Police officers in court as man brings private prosecution
Two police officers have appeared in court accused of burglary, kidnap and false imprisonment after a judge granted the alleged victim the right to bring a rare private prosecution.
Sergeant Gareth Blackburn, 38, and Detective Constable Stephen MacDonald, 42, were summonsed to appear before Westminster Magistrates Court to face a string of allegations related to an arrest they made on a man suspected of harassing a colleague in September 2008.
Former aircraft engineer Michael Doherty, 40, claimed the officers turned up at his house at 6.30am, smashed down his door with a battering ram in front of his terrified family, before handcuffing him and dragging him to the police station.

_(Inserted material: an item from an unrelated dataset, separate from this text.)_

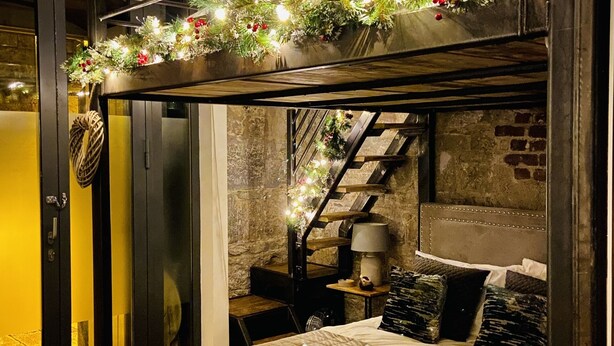 A cozy bedroom with a bed, a nightstand, a lamp, and a staircase leading to an upper level. - The Bruce @ RWY Studio - sleeps 4 guests  in 1 bedroom (Plymouth)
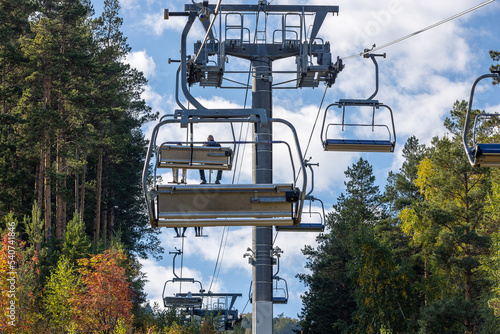 Ski lift in mountain autumn forest. Climbing uphill on a cable car. Open cable car line. Chairlift against autumn forest. Ski chair lift at off season in Bobrovy log, Krasnoyarsk, Russia photo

Mr Doherty was granted permission to bring the case by a district judge who also ordered that both Metropolitan Police officers attend yesterday’s preliminary hearing.

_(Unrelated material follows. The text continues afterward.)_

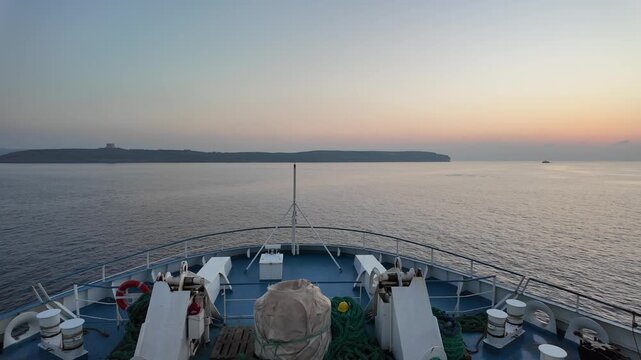 serene seascape at dusk with boats and sailboats on the ocean during sunset from a ship or dock, looking out to distant landmasses Comino Island and calm waters with blue and gray hues.Malta. High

The origins of the case date back to 2008 when Mr Doherty made a serious allegation to the police in Hillingdon, West London.
Frustrated at what he considered was a lack of progress in the investigation, Mr Doherty made a number of phone calls to his local police station.

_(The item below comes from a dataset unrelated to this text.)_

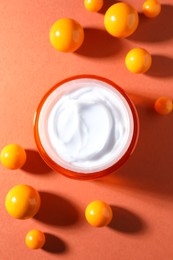 Photo of Jar of moisturizing body cream and balls on orange background, flat lay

He was subsequently accused of harassing a civilian police worker at the station, and the two officers arrived at his home to investigate the complaint.
When Mr Doherty refused to let the officers into his home, he alleges they broke down his door and forcibly took him into custody.
Mr Doherty was later cleared of all charges but applied for permission to bring a private prosecution against the arresting officers.
The summons issued by District Judge Deborah Wright at Uxbridge Magistrates last month, stated that the two officers were accused of trespass and an attempt to inflict grievous bodily harm on the home owner.
The summons aid: “You were on the property as a trespasser and you threatened to smash down a glass-panelled door which the homeowner was holding closed.
“You threatened and used a battering ram to support your threat of violence. The occupants were caused fear for their personal safety.
“You wilfully failed to perform your duty to such a degree that it amounted to an abuse of the public trust which had been placed in you.”
The summons also stated that the officers were alleged to have carried Mr Doherty away without any lawful authority.
“There was no consent from the victim and you used unlawful violence to carry out this kidnap,” the document stated.
It went on: “You were tasked to carry out enquiries into allegations of harassment, however when lawfully refused entry to the home of Mr Doherty you did without lawful authority force entry into their private home.”
It is extremely rare for a summons to be issued against police officers as part of a private prosecution.
Criminal cases are usually brought by the Crown Prosecution Service, but people can pursue their own actions under the Prosecution of Offences Act 1985.
Both police officers, who remain on full duties, are due to appear before Southwark Crown Court on October 19 for a Plea and Case Management Hearing.